» WHAT TO DO: For the material below, the expected output is exactly the lines between the line holding "Vintage Polka Dot" and the line holding "Pemkot Solo menggelar", inclusive, with pictures left out.
-------- SOURCE DATA
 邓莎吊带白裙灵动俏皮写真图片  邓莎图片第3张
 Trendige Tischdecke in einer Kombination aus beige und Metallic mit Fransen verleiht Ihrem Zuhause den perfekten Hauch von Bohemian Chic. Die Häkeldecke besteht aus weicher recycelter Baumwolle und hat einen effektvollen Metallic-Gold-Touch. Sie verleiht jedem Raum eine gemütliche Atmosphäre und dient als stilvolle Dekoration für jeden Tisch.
----------------
-------- SOURCE DATA
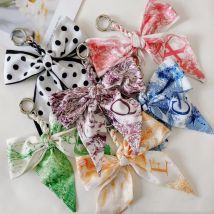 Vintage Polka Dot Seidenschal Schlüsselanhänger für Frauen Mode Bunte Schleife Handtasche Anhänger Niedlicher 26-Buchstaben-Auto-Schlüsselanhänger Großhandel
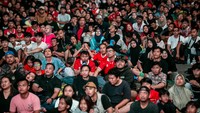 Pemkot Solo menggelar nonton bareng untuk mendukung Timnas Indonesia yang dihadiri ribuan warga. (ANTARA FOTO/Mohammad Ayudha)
----------------
» ANSWER FOR THE TASK:
 Vintage Polka Dot Seidenschal Schlüsselanhänger für Frauen Mode Bunte Schleife Handtasche Anhänger Niedlicher 26-Buchstaben-Auto-Schlüsselanhänger Großhandel
 Pemkot Solo menggelar nonton bareng untuk mendukung Timnas Indonesia yang dihadiri ribuan warga. (ANTARA FOTO/Mohammad Ayudha)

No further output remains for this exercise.